This depends entirely on which isotope of barium you're evaluating.
Isotopes are variations in the neutron content of an atom; the most stable form of barium, Barium-130, has 56 protons and 74 neutrons. The number of protons will remain 56 in all isotopes, but the number of neutrons varies from 58 to 97. As you might expect, the further from having 74 neutrons the isotope is, in either direction, the shorter the half-life of the isotope tends to be. Most of the half-lives are measured in minutes or fractions of a second, whereas Barium-130 has a half-life tens of thousands of times longer than the age of the universe itself.

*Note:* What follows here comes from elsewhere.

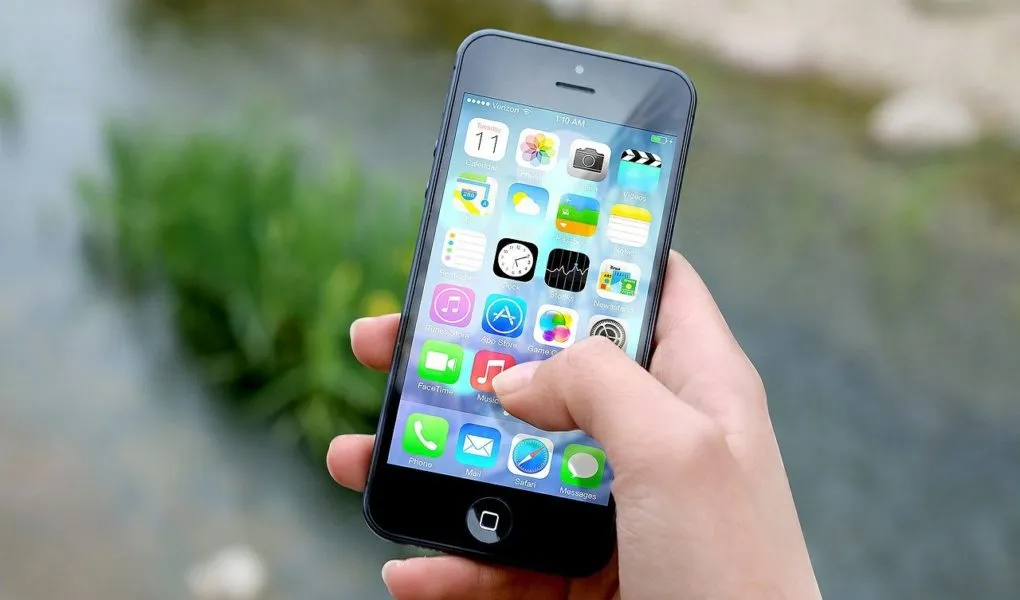 Zdjęcie Czy warto kupić używanego iPhone? Poznaj pułapki i korzyści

Most of the lighter isotopes decay into xenon and cesium, atoms one and two protons lighter than barium on the periodic table, and most of them decay through beta decay and electron capture. Beta-plus decay might be best described if you imagine the proton and being composed of a neutron plus a positively charged small particle (a positron); if the proton loses its positive charge, or absorbs a negative charge, it becomes a neutron. In beta-plus decay and electron capture, the proton loses its positive charge and becomes a neutron, dropping the atomic number by one. The heavier isotopes of barium also undergo beta decay, but they undergo beta-minus; in this case, the neutron can be thought of as a proton and an electron combined so that their charges cancel, and by losing an electron, the neutron becomes a proton, and the atomic number increases by one. The heavier isotopes thus tend to decay into a heavier element, lanthanum.